Prof. Dr. Carsten Busse is new to the Department of Physics at the University of Siegen and is involved in experimental nanophysics, especially ultra-thin textured films. These could be used in the future, for example for computer chips or touchscreens.

The biggest scientific breakthroughs in his career have been surprises, says Prof. Dr. med. Carsten Busse. His decision for the University of Siegen was not. Busse is originally from Olpe and has lived there for twelve years, together with his wife and now three children. In the past he has commuted to the universities in Cologne, Bochum, and finally Münster. "My applying here certainly had something to do with my love for the region," he says, "but it was a good offer as well, the position is very attractive." Since August 30, 2017, Carsten Busse has been a professor in the Department of Physics, School of Science and Technology at the University of Siegen.
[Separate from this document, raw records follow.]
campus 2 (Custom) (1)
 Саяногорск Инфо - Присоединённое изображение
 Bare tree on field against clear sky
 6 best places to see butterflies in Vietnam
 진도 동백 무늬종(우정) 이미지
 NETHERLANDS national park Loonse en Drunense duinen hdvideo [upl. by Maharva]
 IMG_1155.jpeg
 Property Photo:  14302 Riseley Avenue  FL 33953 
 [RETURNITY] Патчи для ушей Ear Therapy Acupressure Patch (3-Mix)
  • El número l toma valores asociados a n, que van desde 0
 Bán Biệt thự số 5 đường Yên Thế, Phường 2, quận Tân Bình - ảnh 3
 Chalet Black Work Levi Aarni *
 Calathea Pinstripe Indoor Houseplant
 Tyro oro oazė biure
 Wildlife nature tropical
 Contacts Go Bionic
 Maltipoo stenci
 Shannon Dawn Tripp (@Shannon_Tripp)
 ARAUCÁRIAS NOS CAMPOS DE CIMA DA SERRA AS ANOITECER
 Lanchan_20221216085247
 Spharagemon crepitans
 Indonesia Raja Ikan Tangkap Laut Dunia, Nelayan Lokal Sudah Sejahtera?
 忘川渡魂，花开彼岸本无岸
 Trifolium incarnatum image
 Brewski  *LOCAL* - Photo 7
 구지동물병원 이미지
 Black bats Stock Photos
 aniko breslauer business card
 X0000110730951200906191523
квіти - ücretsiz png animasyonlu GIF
He deals with experimental nanophysics, specifically with ultra-thin layers. These include, for example, graphene, a form of carbon whose structure looks like honeycombs.

"Graphene is as thin as you can imagine, because it only has the thickness of an atom," explains Busse. "I will research fundamental questions, such as how to produce this particular material in the highest quality possible." It is not yet clear which areas these ultra-thin layers can be applied to in the future, but that is nothing new for the scientist: "There is hardly any novel material for which the application was already clear beforehand. We have many options for everything that needs to be small - circuits and computer chips, for example. "Graphene could also contribute to the further development of touchscreens, as Prof. Busse explains:" Graphene combines two important properties: It is an electrical conductor and it is transparent. This is very important for displays with touch function, which are currently made of ceramic material. Graphene would be much cheaper - and even flexible."

That sounds promising, but the road that leads there is still filled with uncertainties. "It is possible for material properties to change completely," said Busse. "When electricity flows, for example, the electrons need space to expand. With such a thin layer, they may behave quite differently." He hopes to be able to conduct surface research on three vacuum devices in a year's time. "The best vacuum ever in the Siegerland," says the physicist, laughing. The pressure in the machines is lower than in space. At the moment, Emmy Noether campus is still being rebuilt so that new laboratories can be set up. "We need very good vibration damping, but an older, massive building is often particularly well suited for this," explains Prof. Busse.

Busse studied in Bonn after completing high school in Olpe. During his studies he also completed a semester abroad in Edinburgh. After receiving his doctorate in Aachen, he worked at the University of Aarhus in Denmark. This was followed by stations in Cologne and Bochum, most recently he was employed at the Institute of Materials Physics of the Westfälische Wilhelms-Universität Münster.